The true noiseless values are 12, 3, and 5, so the predictions are close.

Step-by-Step Breakdown

Step	Code	Why it exists
device	model.to(device), batch_x.to(device)	model and data must live on the same device
mode	model.train() / model.eval()	Dropout and BatchNorm behave differently by mode
forward	pred = model(batch_x)	current parameters make predictions
loss	loss_fn(pred, batch_y)	measure error
clear	optimizer.zero_grad()	remove old accumulated gradients
backward	loss.backward()	compute gradients
update	optimizer.step()	change parameters
validation	torch.no_grad()	evaluate without recording gradients
checkpoint	copy.deepcopy(model.state_dict())	keep the best weights, not a reference to changing weights

The copy.deepcopy detail is important. If you write best_state = model.state_dict() directly, you may keep references to tensors that continue changing.

Why Average Loss by Sample Count?

Inside each batch, loss.item() is already an average for that batch. If the last batch is smaller, a simple average of batch losses can be slightly biased.

This is why the script uses:

total_loss += loss.item() * len(batch_x)
average_loss = total_loss / len(loader.dataset)

That gives a per-sample average across the whole dataset.

Common Variations

Task	Output	Common loss
regression	[batch, 1]	nn.MSELoss() or nn.L1Loss()
multi-class classification	[batch, classes] logits	nn.CrossEntropyLoss()
binary classification	[batch, 1] logits	nn.BCEWithLogitsLoss()
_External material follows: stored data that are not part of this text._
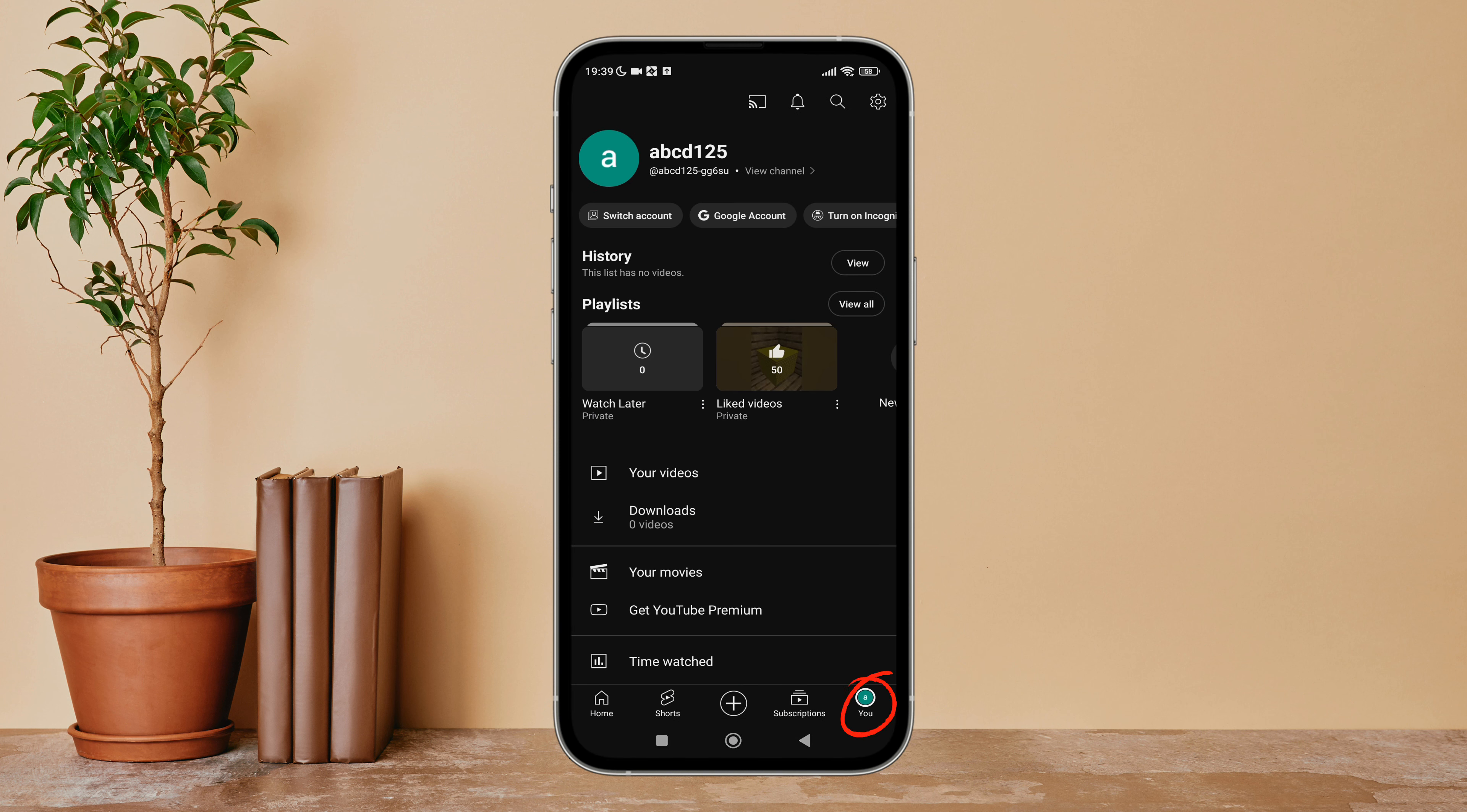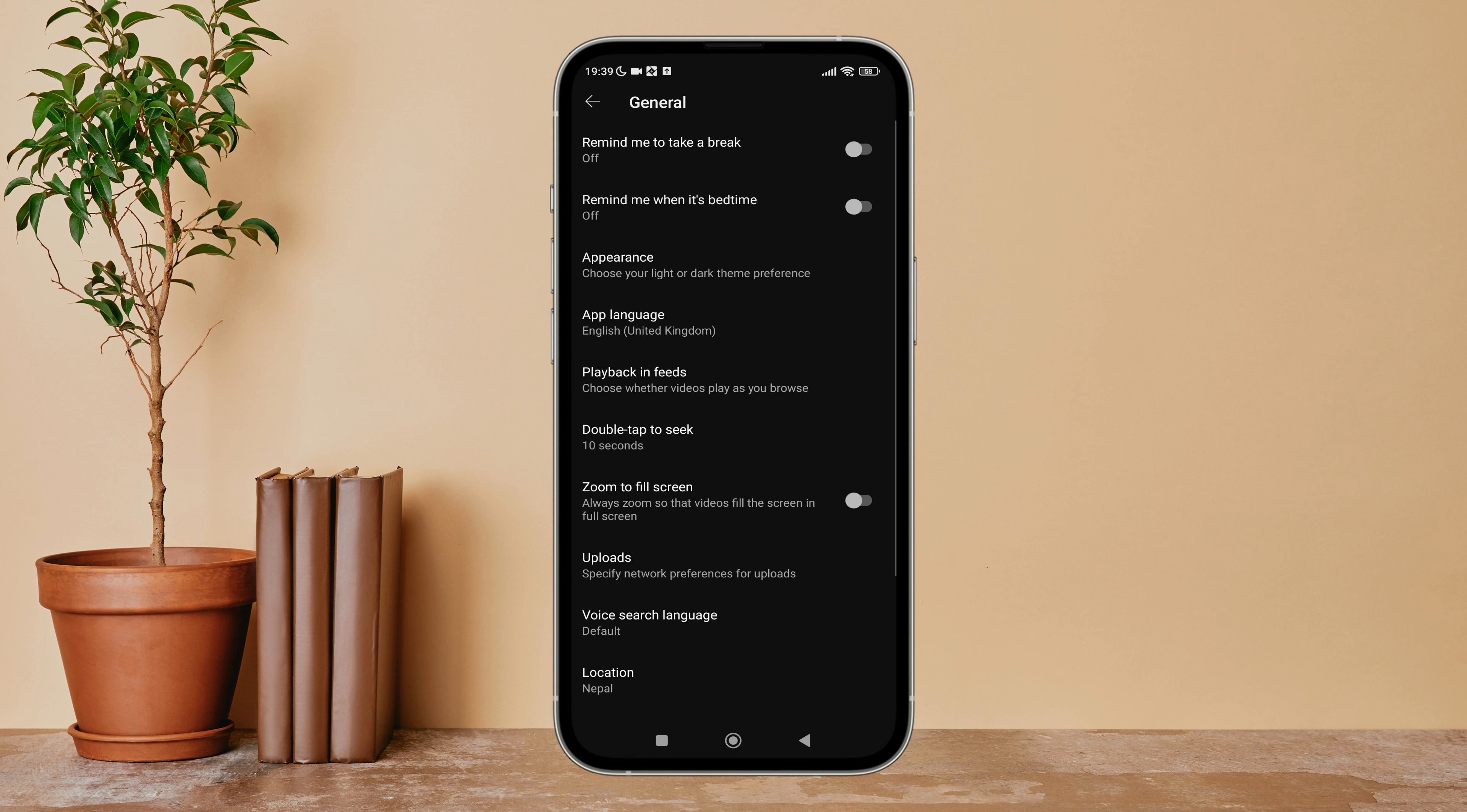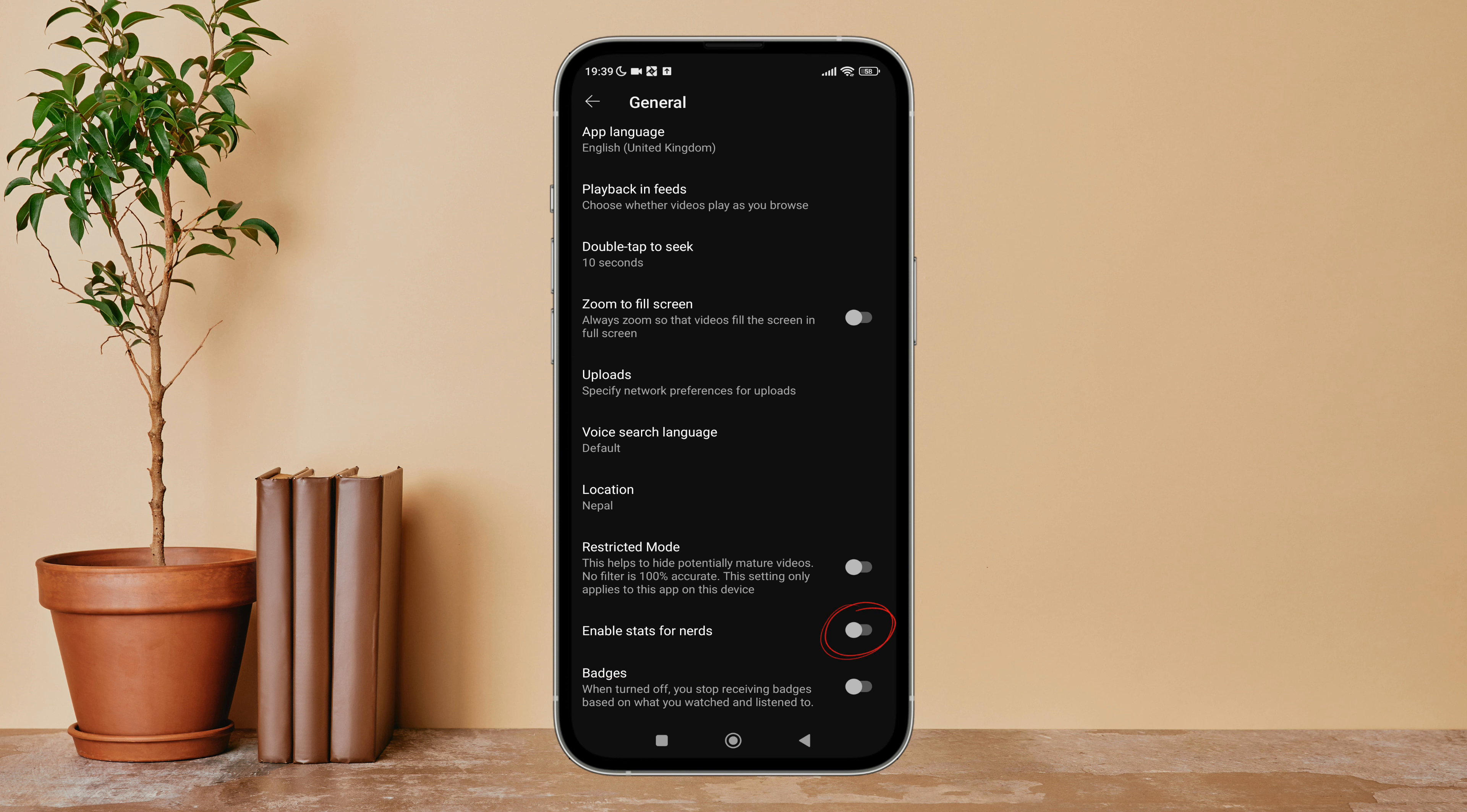Then tap on profile icon. Next, tap on Settings. After that, tap on General, then scroll until you find Enable Stats for Nerds. Next, turn it on by tapping on it.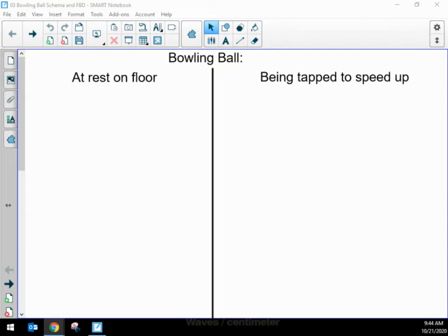The way that we begin is by thinking about a moment in time. When we make an interaction diagram, it's for an instant in time. Like if you're watching the video of the bowling ball in the hallway, imagine you pause the video — that paused moment is what we're making an interaction diagram for. If we unpause and then pause later, our interaction diagram could be a little bit different. We're going to think about the bowling ball first when it's at rest on the floor, and then make another interaction diagram for while I'm tapping the bowling ball to make it speed up.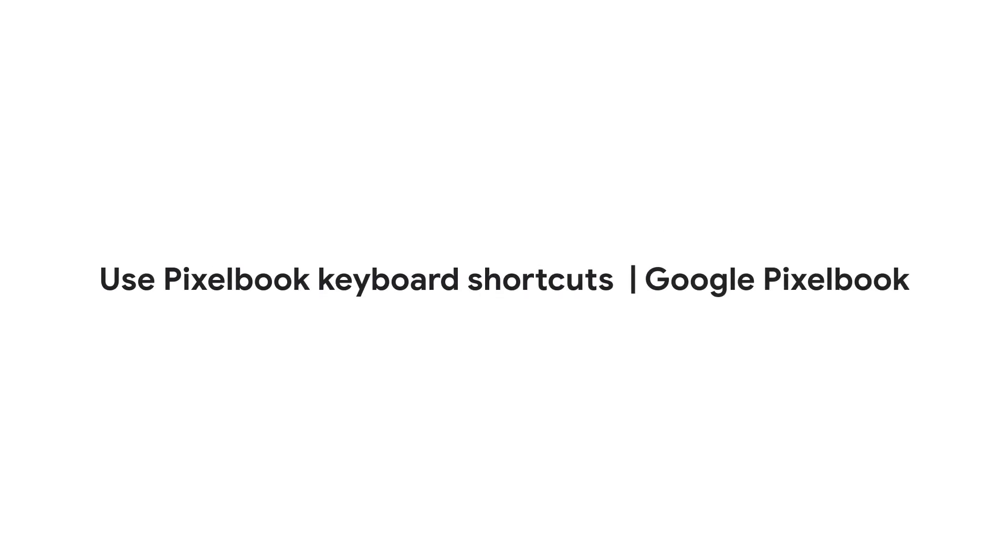In this video, we'll go over some important shortcuts you can use on your Pixelbook keyboard to complete some tasks more quickly.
For classification, track metrics in addition to loss:

• accuracy;
• precision/recall/F1 for imbalanced data;
• confusion matrix when classes are easy to confuse.

Debugging Checklist

When training behaves strangely, check in this order:

1. One batch shape: does batch_x match the first layer?
2. Label shape and dtype: does batch_y match the loss function?
3. Device: are model and data on the same device?
4. Loss value: is it finite, or nan / inf?
5. Gradients: are important parameters getting non-None gradients?
6. Updates: do parameters actually change after optimizer.step()?
7. Validation: did you use model.eval() and torch.no_grad()?

Useful probes:

print(batch_x.shape, batch_y.shape)
print(batch_x.device, next(model.parameters()).device)
print("loss:", loss.item())
for name, param in model.named_parameters():
    if param.grad is not None:
        print(name, param.grad.norm().item())
        break

Saveable Skeleton

for epoch in range(num_epochs):
    model.train()
    for batch_x, batch_y in train_loader:
        batch_x = batch_x.to(device)
        batch_y = batch_y.to(device)

        pred = model(batch_x)
        loss = loss_fn(pred, batch_y)

        optimizer.zero_grad()
        loss.backward()
        optimizer.step()

    model.eval()
    with torch.no_grad():
        for batch_x, batch_y in val_loader:
            batch_x = batch_x.to(device)
            batch_y = batch_y.to(device)
            pred = model(batch_x)
            val_loss = loss_fn(pred, batch_y)

Exercises

1. Change the optimizer from Adam to SGD(lr=0.05). How does convergence change?
2. Change hidden size from 16 to 4 and 32. Compare train and validation loss.
3. Change noise from 0.3 to 1.0. What happens to the best validation loss?
4. Add a best_epoch variable and print which epoch produced the best validation loss.
5. Convert the task to binary classification by creating labels from y > 5, then use BCEWithLogitsLoss.

Key Takeaways

• A training loop is a closed cycle: predict, measure error, compute gradients, update, validate.
• Training and validation must use different modes.
• zero_grad -> backward -> step is the core update sequence.
• Average losses by sample count when batch sizes differ.
• Keep the best checkpoint using a copied state_dict, then restore it before prediction.